# Back From Moose Hillock, Warren Nh.



## madmaccm (Oct 7, 2005)

All,

Got back from Moose Hillock CG in Warren, NH yesterday. Timing was perfect for missing the rain in Northern NH. Packed up in the rain yesterday and took it slow coming home. egregg57 was right on the money with the description of the sites. We stayed Fri-Mon and were in site 336. Very big sites, private. Staff was excellent and the pool was the main attraction for the kids. We will definitely be coming back to this CG!

1st time towing the 31RQS through the White Mountains of NH and the TV/TT combo did superb.

Back for 2 days and heading out next to Old Orchard Beach Maine. Staying at Powderhorn CG thru 7/5.

Happy 4th!!

C-Mac


----------



## wolfwood (Sep 19, 2005)

Sounds like you had a great trip! Also sounds like a place for us to add to our list!!! Welcome home.


----------



## PDX_Doug (Nov 16, 2004)

C-Mac,

Glad to hear you had such a good trip. And avoided the rain (mostly)!
Any pictures coming?

Happy Trails,
Doug


----------



## egregg57 (Feb 13, 2006)

Hey, Hey! I enjoyed Moose Hillock very much. It is one that is definately in my top 10. My DW and kidlins went to Danforth Bay following our stay at M.H. and Holy Kanasta! Danforth Bay went over the top! The road leading in (nearly .75 miles) is widened and paved. Tennis courts added. Second pool is in (just waiting water). And the "Bluffs" OMG. I am seriously considering lying about my age.

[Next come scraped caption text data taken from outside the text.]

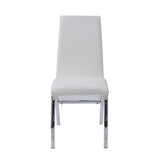 Pervis White Synthetic Leather & Chrome Finish Side Chair (Set-2)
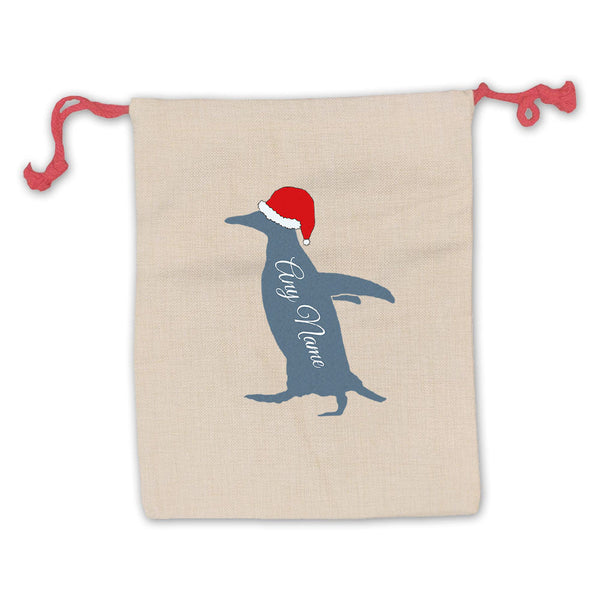 Christmas Presents Sack with Christmas Penguin Design - available to buy online at www.giftsfinder.co.uk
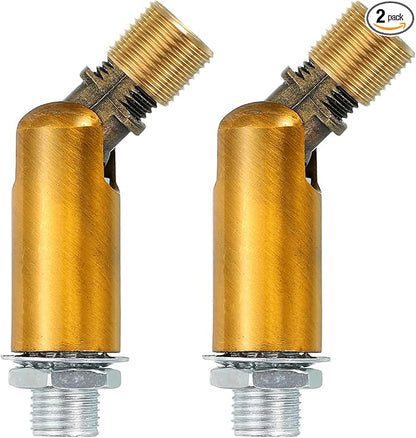 MECCANIXITY Sloped Ceiling Adapter, 180 Degree 46x15mm M10 Fine Thread Sloped Ceiling Light Fixture Adapter Kit for Ceiling Pendant Light Chandelier Track Suspend(Gold Copper, Pack of 2)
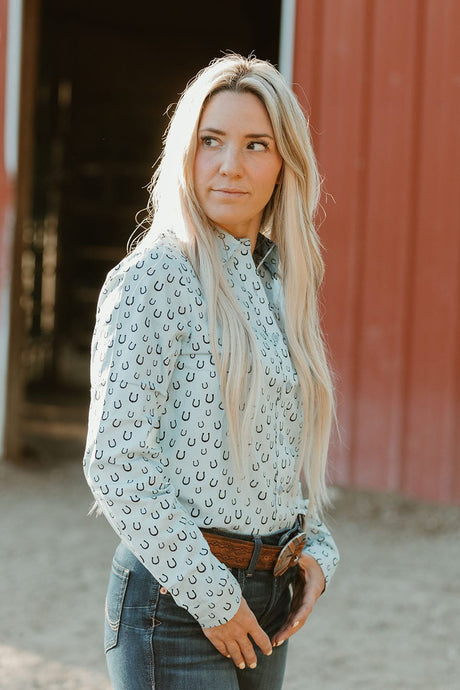 OutbackTrading.com Women's Horseshoe Toss Button Up Shirt - Light Blue Shirts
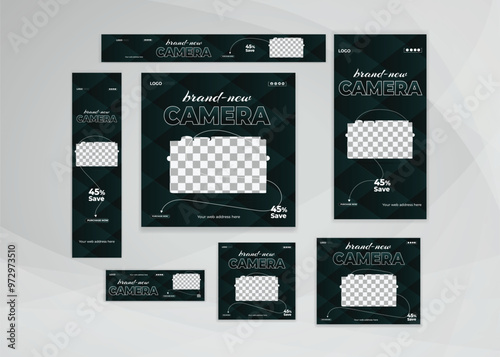 Modern Web Banner Set Design for Camera sale . Vector and editable layout template . 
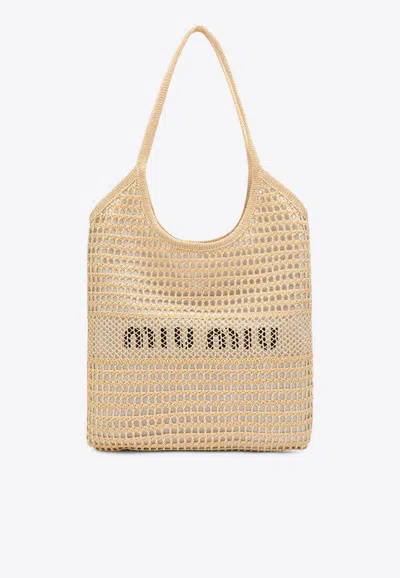 Miu Miu Ivy Logo Raffia Shoulder Bag
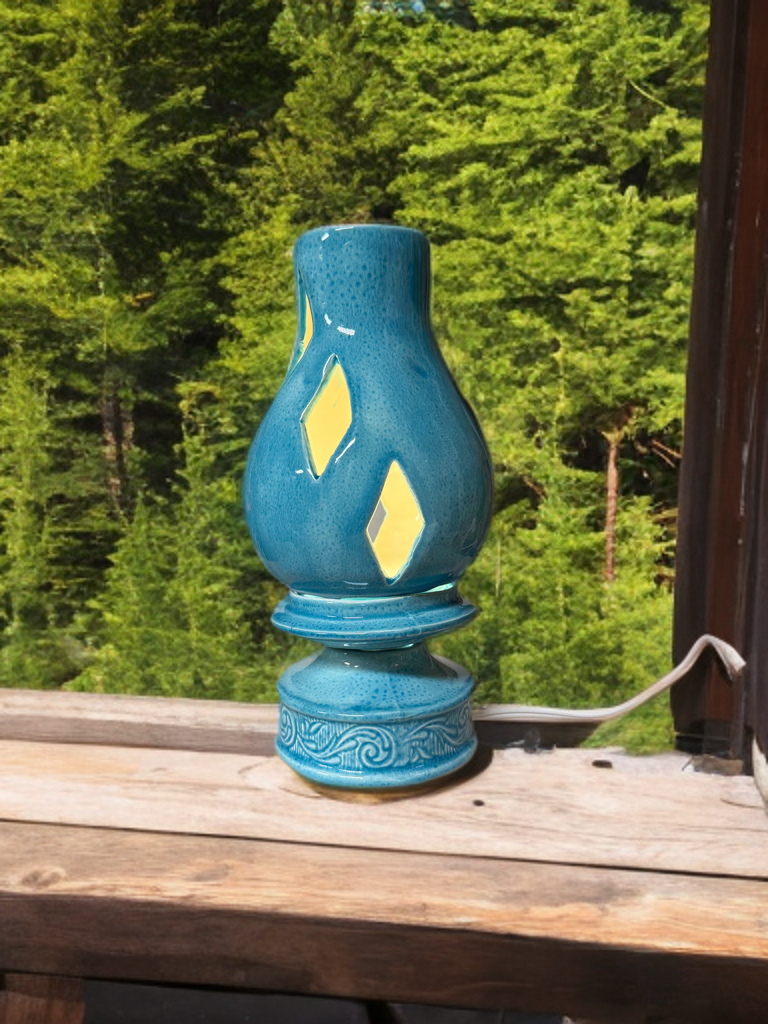 Handmade Ceramic Lamp - Teal with Decorative Cutouts
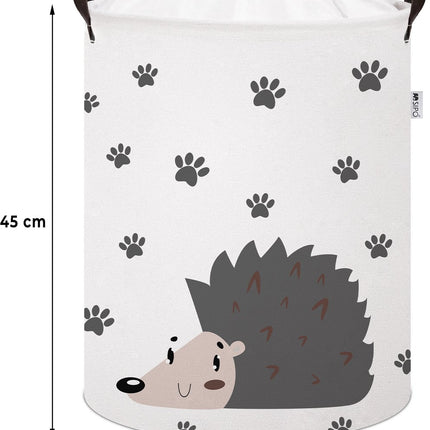 Egel Speelgoedopbergmand - Katoenen Opbergbox met Trekkoord - Wasmand voor Kinderen - 43 Liter - 35x35x45 cm - Sipo - Kledingmand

Danforth constructed 330 nicely landscaped sites behind and away from the existing resort, added 3 side by side tennis courts, 2 pools, one being a very good sized pool with lap lanes set up, a huge lodge, the upstairs floor is all wood, large screen tv, fireplace and comfortable furniture, a large section of it is open and is begging for somebody to dance on them. Doors lead out onto a very large deck over looking the pools. Down stairs is a library/reading room, excersize room with treadmills, bikes, free weights and a universal, game room with pool table, ping-pong some arcade games etc and still another room containing a Laundromat with restrooms adjacent to that.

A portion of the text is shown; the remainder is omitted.